Get your head in the right place and all good shall follow.
"I lift my eyes, the clouds grow thin
I see the blue above it
And day by day this pathway clears
since first I learned to love it
the peace of God restores my soul
a fountain ever streaming
all things are mine because I am loved
how can I keep from singing
how can I keep from singing"
So yesterday's post on this blog has had an outpouring of responses.
Read it so you understand, but the basic idea is I gave up on a weekly gig I was doing as a security blanket, but which in factual reality every week was not providing financial security at all and psychologically was undermining to my confidence as a performer.
It was every week though so it was something instead of a blank calendar.
What I want to say today about all that is that my blank calendar for December, during the holidays, is terrifying to me.
How will I pay the utility bills that are my responsibility at Rob's house?
How will I pay the several monthly debt repayment bills I have that I am determined to pay off in the next couple years, never to revisit again?
How will I buy food and gasoline?
How will I survive?
Well, the most important thing to say is that what I was doing was barely working anyway and what I want to do will be more and better.
I need a month of nothing to send out all the applications for all the concert series and folk festivals.
I need a month of nothing to write my new songs and finish them so I can make a new album somehow next year.
But here's the important part:
the answers to these "how" questions is not between myself and my readers and fans to solve.
The answers to these "how will I survive" questions is between me and my God.
I am one of the beautiful lilies of the field, so are you, and they don't sit around worrying and being ungrateful.

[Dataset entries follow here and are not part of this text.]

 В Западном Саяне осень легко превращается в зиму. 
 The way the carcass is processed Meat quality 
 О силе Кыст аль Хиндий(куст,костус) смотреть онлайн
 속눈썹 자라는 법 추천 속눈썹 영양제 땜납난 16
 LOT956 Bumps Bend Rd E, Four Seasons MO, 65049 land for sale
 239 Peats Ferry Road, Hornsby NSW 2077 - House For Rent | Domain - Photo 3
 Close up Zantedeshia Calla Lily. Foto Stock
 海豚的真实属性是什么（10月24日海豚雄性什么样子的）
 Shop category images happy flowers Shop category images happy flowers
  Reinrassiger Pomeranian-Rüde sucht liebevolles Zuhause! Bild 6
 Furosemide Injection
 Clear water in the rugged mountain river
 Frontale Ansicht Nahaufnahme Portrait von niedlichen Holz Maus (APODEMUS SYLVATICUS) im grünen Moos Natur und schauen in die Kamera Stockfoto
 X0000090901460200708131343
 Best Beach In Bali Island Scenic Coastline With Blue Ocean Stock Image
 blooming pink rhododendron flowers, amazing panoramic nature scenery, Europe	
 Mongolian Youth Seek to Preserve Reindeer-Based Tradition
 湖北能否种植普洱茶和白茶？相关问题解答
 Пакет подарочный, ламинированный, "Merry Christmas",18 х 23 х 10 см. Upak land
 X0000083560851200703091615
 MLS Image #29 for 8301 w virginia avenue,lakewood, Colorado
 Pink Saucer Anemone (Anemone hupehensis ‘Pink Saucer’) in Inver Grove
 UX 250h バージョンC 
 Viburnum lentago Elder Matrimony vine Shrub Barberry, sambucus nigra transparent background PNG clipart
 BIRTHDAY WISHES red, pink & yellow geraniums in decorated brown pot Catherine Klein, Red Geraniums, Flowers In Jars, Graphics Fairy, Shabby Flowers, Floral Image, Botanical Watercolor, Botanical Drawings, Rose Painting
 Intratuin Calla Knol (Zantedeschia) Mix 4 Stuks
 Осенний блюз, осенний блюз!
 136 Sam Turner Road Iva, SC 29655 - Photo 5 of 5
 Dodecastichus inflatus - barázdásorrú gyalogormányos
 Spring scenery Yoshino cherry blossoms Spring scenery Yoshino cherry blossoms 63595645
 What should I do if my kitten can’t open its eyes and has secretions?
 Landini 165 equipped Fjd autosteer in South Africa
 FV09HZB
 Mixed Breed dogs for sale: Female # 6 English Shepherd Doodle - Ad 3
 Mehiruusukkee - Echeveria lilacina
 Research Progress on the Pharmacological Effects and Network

If you've made it this far, how dare you question the benevolence of your Maker?
I get this now.
I got a full scholarship to Macalester College when I was eighteen because I had run away and was living alone in a deserted cabin on the Canadian border.
The principal of the high school up there sent me with a Greyhound round trip ticket to visit that one college where he knew the head of the English Department.
I only applied to that one school.
I only went to that one interview.
I got a full scholarship: room, board, and tuition.
Read my first novel to get the full effect.
But my point is, how dare I not have one hundred percent faith that my path is clear and I can confidently walk forward into the unknown of the coming day?
I used to not have this very well thought through.
I don't necessarily have it all that well thought through now either, but I like it.
Human beings all know what's right in life, whether we can do it or not.
Whatever the words I wrote yesterday added up to, the essence of the decision I made touched many people.
A decision to say no brought congratulations.
And no one ever wrote to me telling me I should quit that gig before.
But when I quit they congratulated me.
When I went to my last counseling session that I ever attended with my last husband, after eight years of counseling and fifteen years of marriage, I told the counselor and my husband that I was never coming to a session again.
I told them both that I was leaving the marriage, that I was just done.
Enough was enough.
The female counselor who I had always admired for her professionalism and wisdom got sort of emotional and said, "Oh Courtney, I'm so proud of you."
I walked out of there that day, being the brat that I was, saying to myself, "If she's so proud of me, then how come she didn't just tell me to leave him eight years ago and save us all this grief and time and money? When was she going to tell me to leave him? Never?"
But of course now I see.
Maybe nobody knows where your heart lies and where your head's at until you call it.
Only you can say you've had enough.
And then everybody sees it and everybody is there with you, but it's your call.
And no one does owe you anything.
You must manifest the change you want in your life and in your world.
Manifest it by being grateful and manifest it by approving of yourself.
Manifest it by daring to envision your exact dream life.
Manifest it by doing the things a person does who is living the dream life you envision.
In my dream life, a person writes a daily blog, writes new songs, applies for great performance opportunities, and then goes out there and does a great wonderful job giving the audiences a meaningful experience.
Dream life, here I am.
I am living it.
Love to you my friend, where ever you are on the only path that is yours to follow.